Carl Riseley (born 21 December 1982) is an Australian jazz and pop music singer.

==Early life and career origins==

Born on the Gold Coast in 1982, Riseley started out playing the cornet, and progressed to the trumpet when he was sixteen. Riseley joined The Royal Australian Navy band in April 2003, as a trumpeter. His singing career began in late 2003 when the Navy Rock Band were deployed on HMAS Tobruk to tour around Asia & Australia, but did not have a singer. The vacancy was filled by Riseley, who has remained a vocalist.

During his time with the Royal Australian Navy, Riseley was deployed in the Solomon Islands, and played for the troops in Iraq on New Year's Eve in 2004 and 2005.

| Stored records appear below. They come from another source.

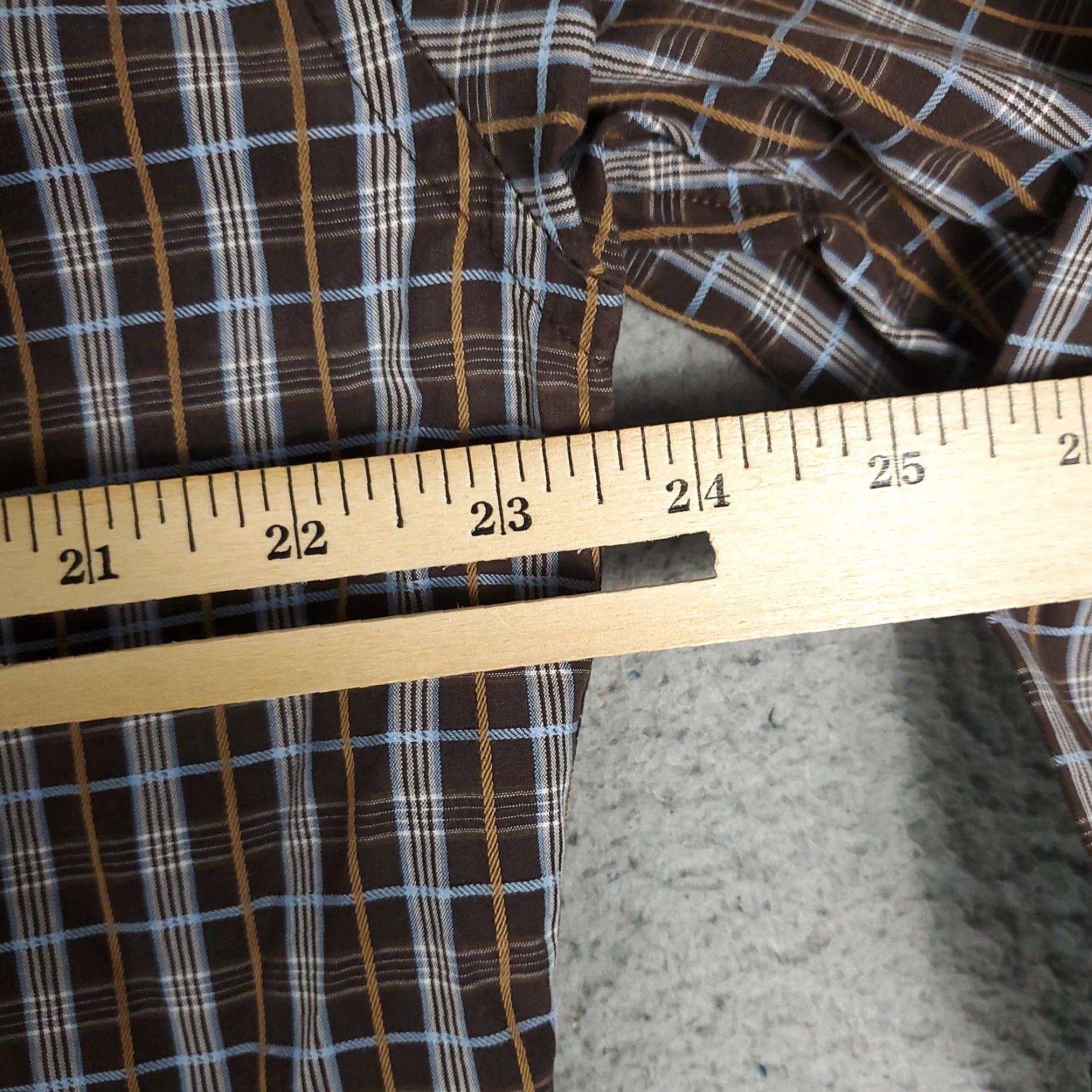 Tommy Hilfiger Tommy Hilfiger Brown Plaid Button-Up Shirt Men's Long Sleeve Size Large Size US L / EU 52-54 / 3 - 6 Thumbnail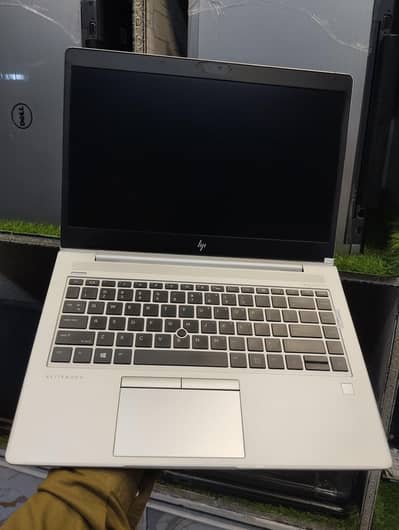 HP elitebook i7 8th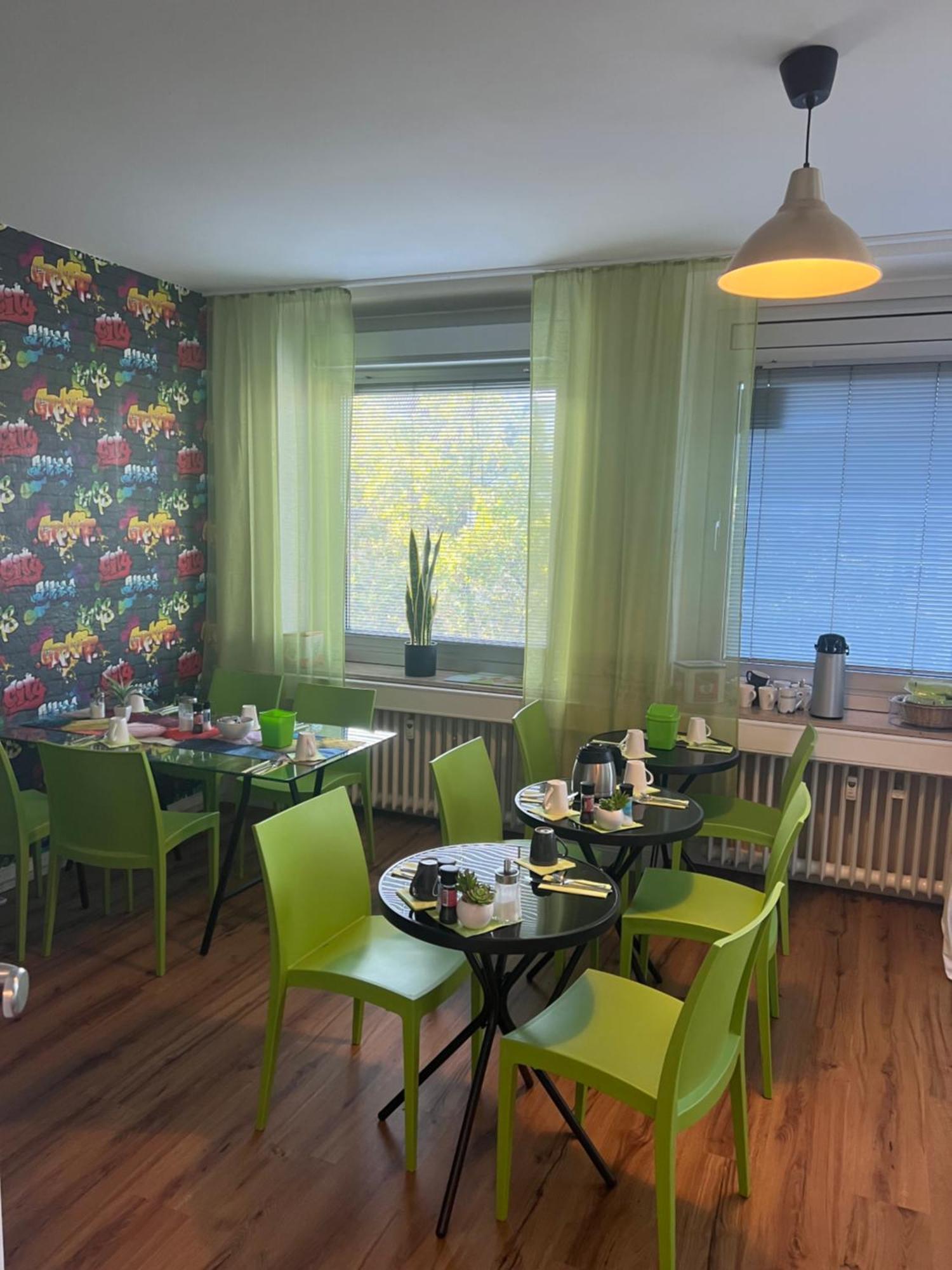 Studiotel Top Loft Düsseldorf Buitenkant foto
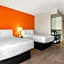 Howard Johnson Hotel by Wyndham Toms River
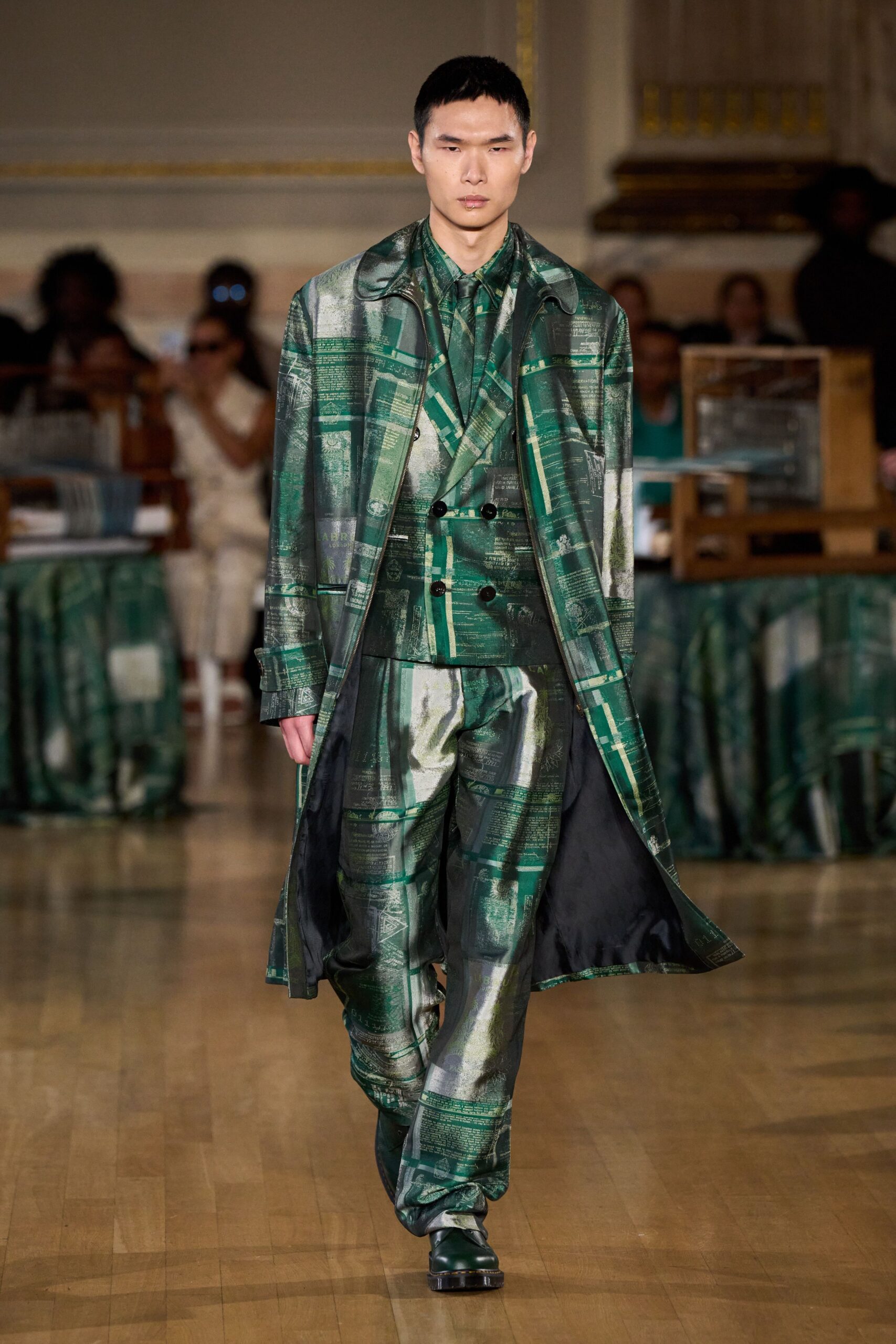 green silk long-sleeve collared fitted printed suit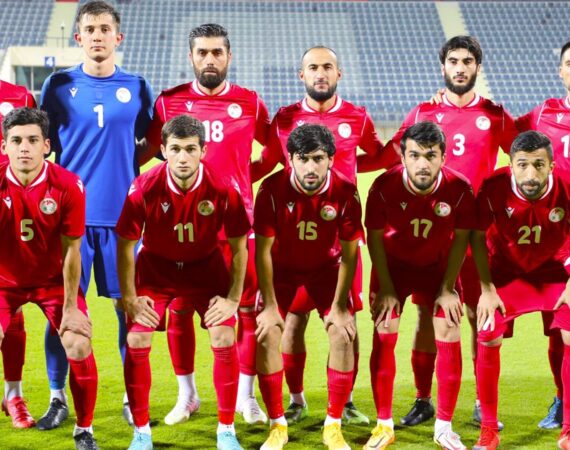 sbornaya-Tadzhikistana-po-futbolu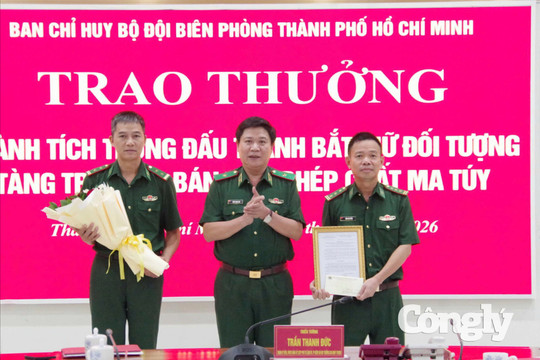 Khen thưởng lực lượng phá án ma túy dịp lễ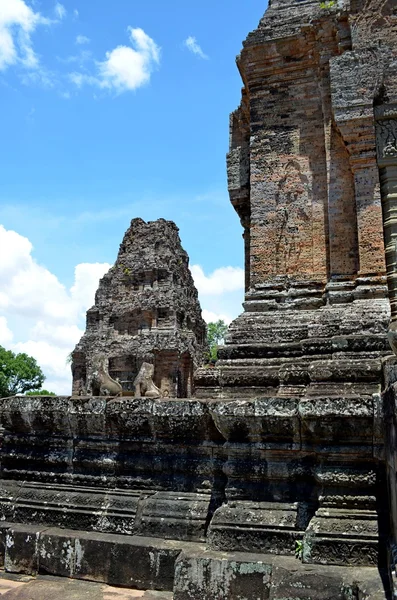 Antiguo templo cambodiano — Foto de Stock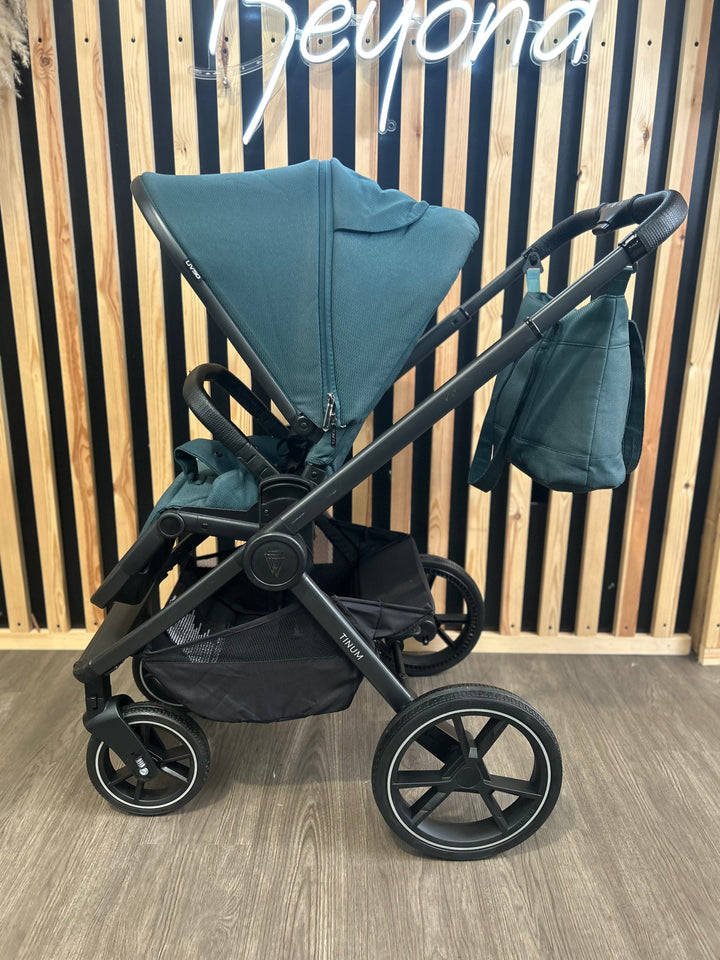 PRE LOVED Venicci Tinum 2.0 Special Edition Travel System - Teal Bay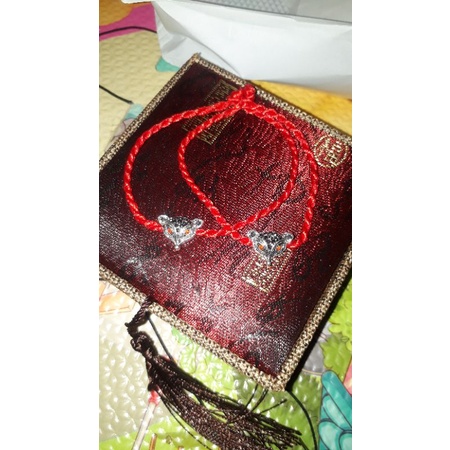 Vòng tay chỉ đỏ may mắn tình duyên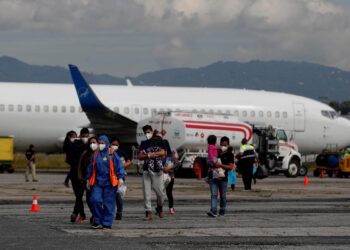 Maduro confirma que «casi 190» venezolanos viajan a Venezuela tras deportación de EE.UU.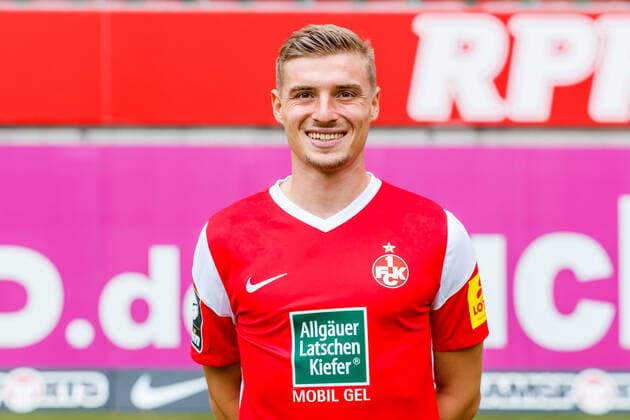 Elias Huth 1 FC Kaiserslautern , portrait appointment, 1 FC Kaiserslautern, Football, 3 Bundesliga, 15 07 2021 portrait appointment, 1 FC Kaiserslautern, Football, 3 Bundesliga, 15 07 2021 Kaiserslautern Copyright: xEibner-Pressefoto AlexanderxNeisx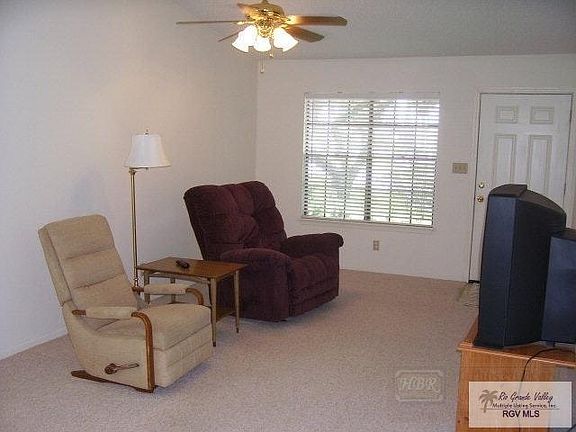 2nd image of 1000 Camelot Dr APT 6200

==Performing and recording career==

In 2007, Riseley tried out for the fifth season of Australian Idol. When he failed to progress into the top 12 on the basis of viewer votes, he was given a "wild card" entry. He was sometimes criticised for remaining steadfastly within his style of swing, jazz and big band, but progressed until his elimination as one of the top three.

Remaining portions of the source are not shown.